Rohin Shah comments on Hypothesis: gradient descent prefers general circuits

Rohin Shah 10 Feb 2022 11:03 UTC
LW: 11 AF: 6
0
AF
Thanks for the post, I quite enjoyed it! I was especially happy to see the significantly more detailed graphs from the replication than the ones I had seen before.
Re: comparison to my explanation:
I think memorization is actually straightforward for a network to do. You just need a key-value system where the key detects the embedding associated with a given input, then activates the value, which produces the correct output for the detected input. Such systems are easy to implement in many ML architectures (feed forward, convolution, self attention, etc).
I agree this is straightforward for us to understand, but it’s still a pretty complicated program that has to be implemented by a large number of parameters, and each individual key-value pair is only reinforced by a single (!!) training data point. Given how little these parameters are being reinforced by SGD, it seems plausible that it only gets to “put 0.95 probability on the answer rather than 0.99”.
But more fundamentally, if the memorization circuit was already putting probability ~1 on all the correct answers, then the gradients would be zero and the network would never change (at least in the absence of things like weight decay, and even weight decay often doesn’t change circuits when the rest of the gradients are zero). Clearly, the network is changing, therefore the memorized circuit can’t be placing probability ~1 on the correct answers.

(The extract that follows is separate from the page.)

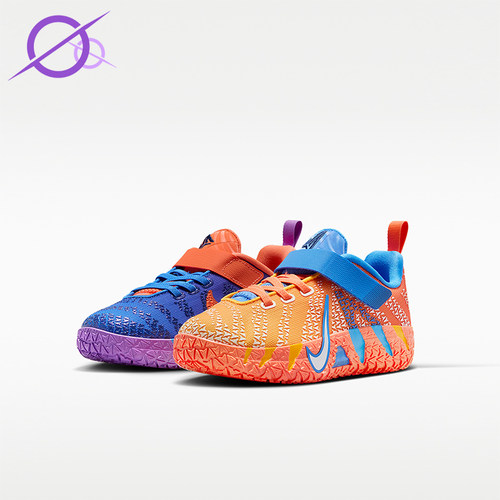 Nike/耐克正品Ja 3小童运动时尚潮流轻盈耐磨篮球鞋IO9419-400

(This might be wrong if there’s some source of gradients other than accuracy / cross-entropy loss. My vague recollection was that grokking happened even when that was the only source of gradients, but I could easily be wrong about that.)
Additionally, it’s not the case that “once it hits upon the correctly generalizing function (or something close enough to it), it very quickly becomes confident in it”. This is an illusion caused by the log scale on the x-axis of the plots.
Yeah, this was perhaps too much of a simplification. It’s more that, at that point in the training process, the gradients are all tiny (since you are mostly predicting the right answer thanks to the memorization). The learning rate might also be significantly lower depending on what learning rate schedule was used; I don’t remember the details there. Given that, the speed of learning is striking to me.
Basically, I’m disagreeing with your statement here:
If the model stumbles upon a single general circuit that solves the entire problem, then you’d expect it to make the switch very quickly.
I don’t think this is true because thanks to the memorization your gradients are very small and you can’t make any switches very quickly.
(It would be interesting to see if, once grokking had clearly started, you could just 100x the learning rate and speed up the convergence to zero validation loss by 100x. That’s more strongly predicted by my story; I think it isn’t predicted by yours, since you require a more sequential process where circuits get combined over time.)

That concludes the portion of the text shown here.